Let's get on with saying yes to LNG

Guest Commentary
By Barinder Rasode 

While most of the world is embracing natural gas as a beneficial fuel that reduces air pollution and slows climate change, we can’t overlook voices here at home who say that British Columbia should do everything possible to leave our gas reserves in the ground.
These critics prefer to conjure up a world where wind farms, banks of solar panels and electricity generated through hydroelectric sources magically provide all of society’s energy needs.
Alas, that world does not exist.
In reality, Trudeau government officials say the nation’s natural gas production will increase 22% in coming years, with LNG “an important driver” of that growth.
I have to admit that as a mother of three, watching American documentaries condemning fracking (a method of extracting natural gas from the ground) did cause me concern. But I’ve learned that manufacturing solar panels comes at an environmental cost, as do wind turbines.
Solar panels use quartz, which is refined into metallurgical-grade silicon using giant coal fired furnaces. This work is increasingly being done in China to take advantage of cheap labour and lax environmental regulations.
Wind generators fares little better. The impact on bird life is well known, but did you know wind turbines require coal to be burned and the mining of rare earth minerals by children in developing countries?
Every source of energy production comes with an environmental price.
As for natural gas, fracking has been done safely in Canada’s highly regulated environment for many years.
There are so many good reasons to support natural gas and LNG in B.C. Here are just a few of them that I have verified:
British Columbia’s vast reserves of “sweet” gas in the Montney Basin are among the lowest in CO2 anywhere in the world.
The new provincial Greenhouse Gas Industrial Reporting and Control Act (GGIRCA) ensures that LNG facilities in British Columbia will have an emissions cap making them the cleanest in the world.
Despite complicated and confusing explanations to the contrary that some lobby groups put forward, the truth of the matter is very simple: we need to use more clean fuels and fewer dirty fuels, and that means more natural gas.
First Nations leaders I’ve been listening to are demanding access to better services and they are sick and tired of “administering poverty,” as one chief told me. LNG revenues and jobs will help them get there.

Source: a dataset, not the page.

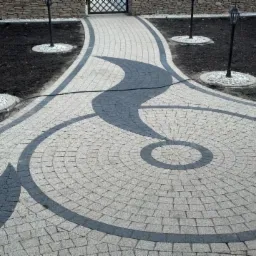 Ogród z ścieżką z kostki brukowej ułożoną w okrągły wzór z ciemnoszarymi akcentami, lampy ogrodowe na trawniku, kamienny murek w tle.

LNG tankers are not floating bombs, despite what some groups have been claiming. There is no credible evidence whatsoever behind that claim: LNG would not have a safe shipping record dating to 1959 if it were otherwise. In an accident situation, LNG would just evaporate, it cannot explode.

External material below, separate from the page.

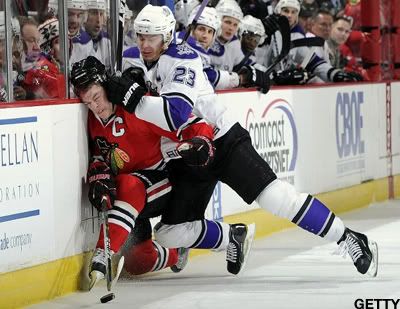 CHICAGO - DECEMBER 19: Dustin Brown #23 of the Los Angeles Kings slams Jonathan Toews #19 of the Chicago Blackhawks into the boards on December 19, 2010 at the United Center in Chicago, Illinois. (Photo by Bill Smith/NHLI via Getty Images)
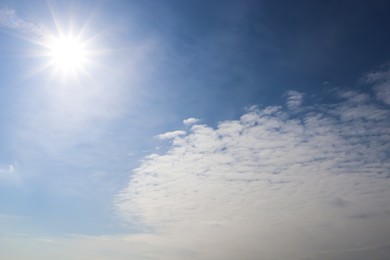 Sun and white clouds in blue sky outdoors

Metro Vancouver residents flush more potable water down their toilets in one day than the B.C. natural gas drilling industry uses in one year. The B.C. Supreme Court has ruled that water in B.C.’s northeast (where the natural gas is) is being used responsibly.
In British Columbia we are already witnessing a low-carbon energy transition thanks to natural gas. Long-haul diesel trucks, ships, ferries and even mining vehicles are all moving toward LNG power.
Thanks to its natural gas, British Columbia is building a cleaner, more diversified economy and leading the country in economic growth.
That’s why I have come to the conclusion that so long as good regulations are on the books and enforced, we should all be proud to use and ship natural gas.
It’s the compassionate, responsible thing to do.